* **PROBLEM DESCRIPTION**: Each line from the one containing "22.06.2025 - Viking" through the end of the entries below should be transcribed exactly, and no other line.

Brief descriptive captions:
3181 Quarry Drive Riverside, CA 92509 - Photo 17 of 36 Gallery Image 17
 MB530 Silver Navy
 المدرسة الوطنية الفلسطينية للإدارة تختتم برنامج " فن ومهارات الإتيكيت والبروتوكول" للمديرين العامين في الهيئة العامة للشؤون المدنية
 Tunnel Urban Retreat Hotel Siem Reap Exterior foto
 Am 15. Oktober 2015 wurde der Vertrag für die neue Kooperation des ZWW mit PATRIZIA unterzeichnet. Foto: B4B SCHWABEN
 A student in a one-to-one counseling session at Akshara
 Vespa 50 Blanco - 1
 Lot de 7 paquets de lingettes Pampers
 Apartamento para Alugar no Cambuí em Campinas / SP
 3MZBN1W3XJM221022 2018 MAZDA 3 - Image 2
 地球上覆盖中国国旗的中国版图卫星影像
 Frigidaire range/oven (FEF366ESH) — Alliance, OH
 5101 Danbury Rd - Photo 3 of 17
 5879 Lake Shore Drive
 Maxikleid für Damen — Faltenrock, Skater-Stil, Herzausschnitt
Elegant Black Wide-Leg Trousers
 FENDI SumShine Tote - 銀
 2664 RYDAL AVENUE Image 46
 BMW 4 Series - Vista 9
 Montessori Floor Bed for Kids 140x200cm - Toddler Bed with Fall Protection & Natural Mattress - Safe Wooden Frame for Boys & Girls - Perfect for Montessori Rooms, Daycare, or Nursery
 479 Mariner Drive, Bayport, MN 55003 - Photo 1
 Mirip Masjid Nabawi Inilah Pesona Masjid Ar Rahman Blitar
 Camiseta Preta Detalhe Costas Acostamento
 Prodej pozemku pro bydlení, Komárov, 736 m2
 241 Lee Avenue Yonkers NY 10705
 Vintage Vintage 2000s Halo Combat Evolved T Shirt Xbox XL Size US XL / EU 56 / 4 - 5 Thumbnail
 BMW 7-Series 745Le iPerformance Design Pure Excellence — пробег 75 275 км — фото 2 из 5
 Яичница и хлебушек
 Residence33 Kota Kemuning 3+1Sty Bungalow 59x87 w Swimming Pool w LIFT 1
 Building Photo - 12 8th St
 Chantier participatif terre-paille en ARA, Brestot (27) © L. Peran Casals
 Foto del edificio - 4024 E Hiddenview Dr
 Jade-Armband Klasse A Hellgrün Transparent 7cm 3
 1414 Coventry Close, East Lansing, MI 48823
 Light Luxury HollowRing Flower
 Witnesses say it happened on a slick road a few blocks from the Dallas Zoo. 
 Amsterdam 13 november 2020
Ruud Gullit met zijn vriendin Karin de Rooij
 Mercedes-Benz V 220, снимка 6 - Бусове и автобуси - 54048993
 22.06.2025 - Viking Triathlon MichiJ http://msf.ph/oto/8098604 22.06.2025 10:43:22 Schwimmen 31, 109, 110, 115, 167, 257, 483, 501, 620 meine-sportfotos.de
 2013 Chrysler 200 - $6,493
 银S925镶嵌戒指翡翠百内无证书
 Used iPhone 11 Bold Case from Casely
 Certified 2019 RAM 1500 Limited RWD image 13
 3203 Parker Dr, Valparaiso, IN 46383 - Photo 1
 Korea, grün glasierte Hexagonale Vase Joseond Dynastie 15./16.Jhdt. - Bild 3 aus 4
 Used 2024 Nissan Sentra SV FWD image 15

* **ANSWER**:
 22.06.2025 - Viking Triathlon MichiJ http://msf.ph/oto/8098604 22.06.2025 10:43:22 Schwimmen 31, 109, 110, 115, 167, 257, 483, 501, 620 meine-sportfotos.de
 2013 Chrysler 200 - $6,493
 银S925镶嵌戒指翡翠百内无证书
 Used iPhone 11 Bold Case from Casely
 Certified 2019 RAM 1500 Limited RWD image 13
 3203 Parker Dr, Valparaiso, IN 46383 - Photo 1
 Korea, grün glasierte Hexagonale Vase Joseond Dynastie 15./16.Jhdt. - Bild 3 aus 4
 Used 2024 Nissan Sentra SV FWD image 15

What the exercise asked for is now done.